The prison of stigma
Mustapha Hussein lived in a mixed neighbourhood of Muslims and Christians in Tripoli. He came from an open Muslim family and, as a child, he made friends easily with everyone, and without distinction. The word 'free' was one he used often, along with his companions, and his parents. Simona experienced more difficulty when she tried to get her friendship with Mustapha accepted. Her family was afraid of Muslims: they were prisoners of stigmas handed down from generation to generation. Even when a religious friend of Simona vouched for her young friend’s goodness and integrity, her mother was not convinced. "With my mother the battle was painful”, she says, “it distanced us, it made us lose so much time and so much energy. Her greatest fear was that I might be forced to abandon my religion and even my studies". This rigidity on the part of her mother was partly due to unresolved issues in her own life’s story: Simona's mother had suffered a lot because of cultural differences and loneliness, after she married and moved to Rome from southern Italy, years ago.

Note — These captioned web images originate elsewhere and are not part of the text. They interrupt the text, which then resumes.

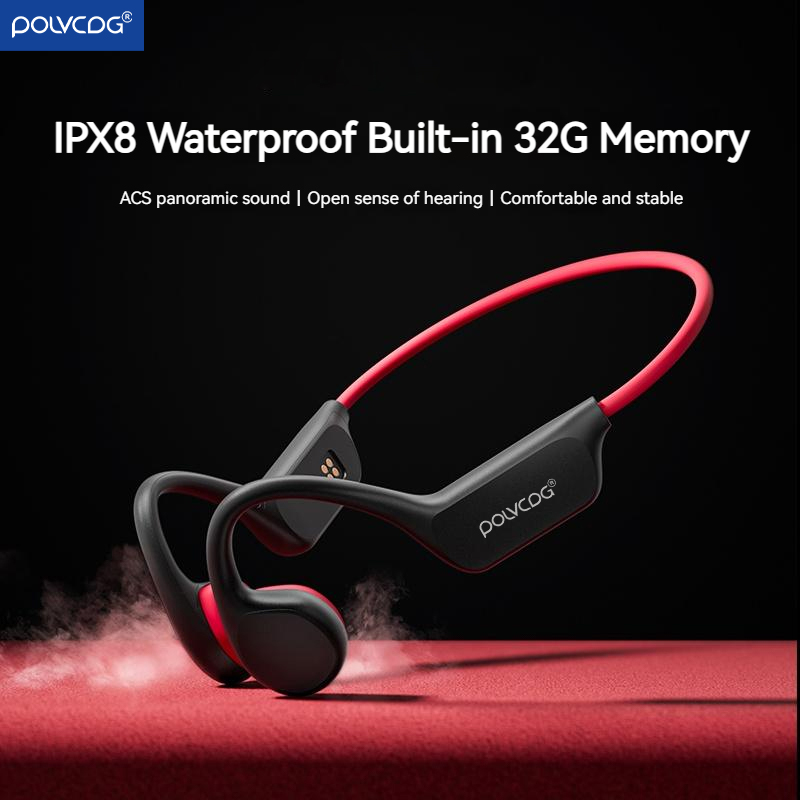Wired Earphone Lightning - سماعة رأس POLVCDG بتقنية التوصيل العظمي
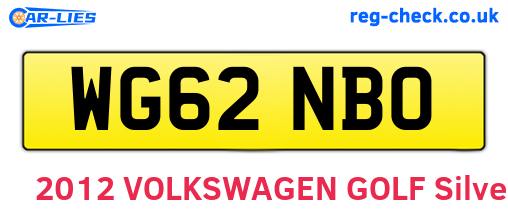 WG62NBO are the vehicle registration plates.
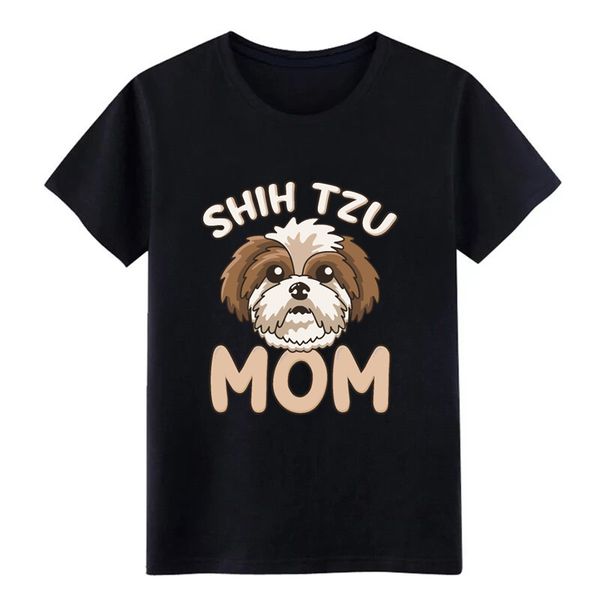 

men's shih tzu mom funny cute dog owner mommy gift t shirt personalized euro size s 3xl basic solid fit shirt sport hooded sweatshirt h
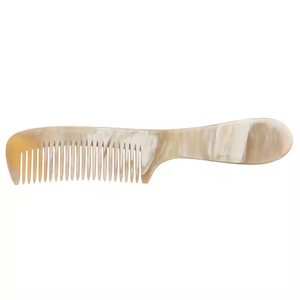 Stylish Horn Beard <b>Comb</b> Handmade Black Buffalo Horn <b>Comb</b> Large Handle Anti-Static Suitable Natural Horn Handmade <b>Combs</b> Latest - Product Image 3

Praying together is possible
Mustapha always lived his love for Simona with patience and confidence: "I was sure the nonsense would not have the last word”, he says. “Of course, I felt uncomfortable when I went to her house for the first time. I felt under the spotlight. Our strength was our love". Paradoxically, Simona realized that Mustapha was stronger, even more mature, than she was. “Through him, I saw Jesus”, she says. “It was surprising. He was more Catholic than I am!”. Simona showed great sensitivity when, in Lebanon, during their engagement, Mustapha’s uncle died. She found she was the only Western, Christian, woman at the funeral. She struggled to show her closeness to the pain of the family’s loss. Then she spontaneously took out her Rosary and began to pray. "My grandmother still remembers that scene”, says Mustapha, describing it as a happy memory.

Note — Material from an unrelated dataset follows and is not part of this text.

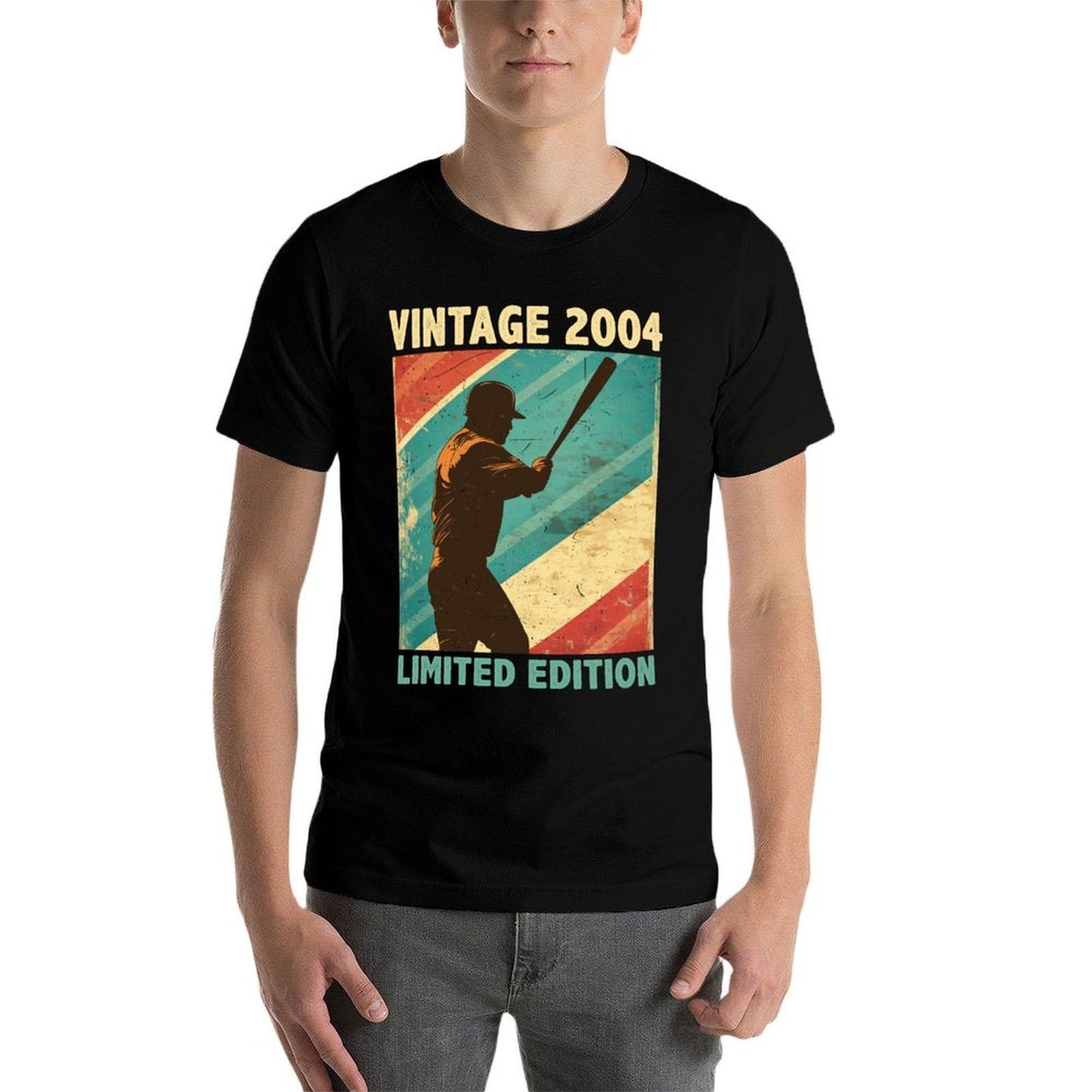 21 Years Old Gift Vintage 2004 Baseball Lover 21st Birthday Odor-resistant T-Shirt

"Simona has transmitted her attachment to the faith to me. She always repeats that God is love. I find this thing increasingly fascinating, it's beautiful. I have explored the foundations of the Christian faith. I go with her to Mass. I feel her faith. Despite everything". Simona describes their spontaneous prayers, or their shared reading of the psalms: "The impressive thing is to experience that the Holy Spirit blows where He wills, and there really is no barrier to contain Him. No one else but the Spirit could have induced him to behave so perfectly and in such accordance with the teachings of Jesus. Love has no boundaries. I am convinced of that. What also helped us was his great curiosity".

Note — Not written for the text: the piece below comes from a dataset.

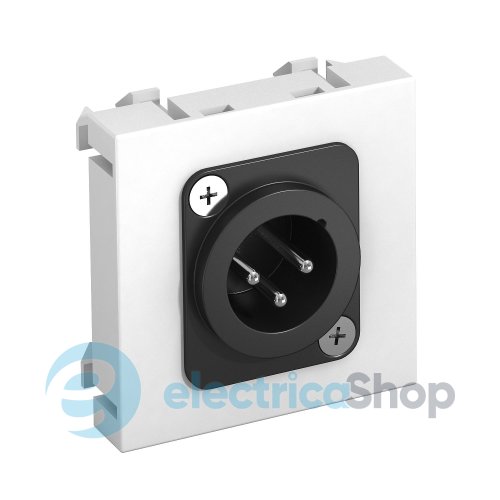 Розетка XLR, 3 контакта, male, Modul 45 OBO 6105222, снежно-белый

Integration beyond discrimination
"I have come to realize that those who seek peace actually find it”, says Mustapha. “For years I attended an Ignatian spiritual journey group, where Simona had found orientation. The group welcomed me and always made me feel at ease". "For me it wasn't really so difficult to integrate myself, more so from the bureaucratic point of view. I went to play basketball with the Jesuits of the International College in Rome. Playing the game, we were fair and trustworthy. This made us think we could be the same in our everyday lives, regardless of who we were and where we came from". There are also less pleasant memories of more bitter experiences, like that at a television channel: "Unfortunately, I must confess I was not treated well. It was a very closed environment. There was a lot of discrimination at work, and it was very bad. Precisely because I was married to a Christian, I was considered like a foreign body that didn’t fit in".
Persevering, without resentment
They put everything back into God's hands. Then they decided to marry in church, with different rites and in mutual respect. "I underwent the interviews planned for the preparation of the marriage," says Mustapha. "I felt put to the test, I had the impression that sooner or later I would give in”. That is not what happened. In the end, it was the mother of his fiancée, Grazia, who gave in. “I couldn’t have imagined it, yet she came to think of me as her adopted son. I never held a grudge. That was crucial”.
Transcription of video:
Mustapha: I'm from Tripoli, Lebanon. I met Simona back in 1992, on the Beirut-Rome flight. It was for me, I say for me, a love almost at first sight, because after a few days I confessed to her that I would marry her.
Simona: I lived this love of mine, this first, long awaited and desired love, with so many hopes and with a vocation to being open, to internationality, something I also felt capable of. But what I had not taken into account was also the religious diversity, therefore a further, even greater, challenge. And it was surprising to see the points of contact in the diversity, the humanity that unites us, the principles, the values. Unfortunately, my family did not understand all this for the first ten years of our story. My mother totally rejected, and did not understand it. We lost something that took a long time to recover. Let's say that, in some way, she apologized: when she understood, when she appreciated him, she was very proud of us... Unfortunately, mom is no longer with us, but she was really happy.
M: I have to thank my family because it really is an open family. It's not fundamentalist at all. They always left me free, even when we played with friends, they didn't say: this is Christian, this is Muslim, absolutely not. We were almost all the same and that helped me a lot to get to know Simona and when I took her to Lebanon, they met and accepted her and, when we decided to get married, they gave us total freedom.
S: If you think about it, how many problems have there been during our journey?
M: Many, many....
S: Of all kinds...
M: So many, so many problems. But thank God, there was always the right person at the right time. I always thank God, until today, for the gift that my wife has given me, here in the present. Because we have always overcome problems with love and patience.
S: I would put at the centre the fact that God is with us in marriage. He is the one who unites us. We accepted to make a mixed marriage precisely because we believe that there is one God and we wanted to make this promise before God.
M: I accepted a mixed marriage because in our Muslim religion, mercy is at the centre of Islam. It's not true that only hatred exists.
S: An experience that marked us was the funeral of Mustapha's uncle. Practically the house in mourning, men and women separated, I found myself the only Christian, alone, the only Westerner in a room where there were all the women, praying, and I didn't know how to show my solidarity. So I pulled out my Rosary and began to pray the Rosary.
M: My grandmother, still today, when I call her, always tells me that she loves Simona very much because she still remembers the funeral of 2010, nine years have passed, but she never forgets Simona with the Rosary and really loves her to death.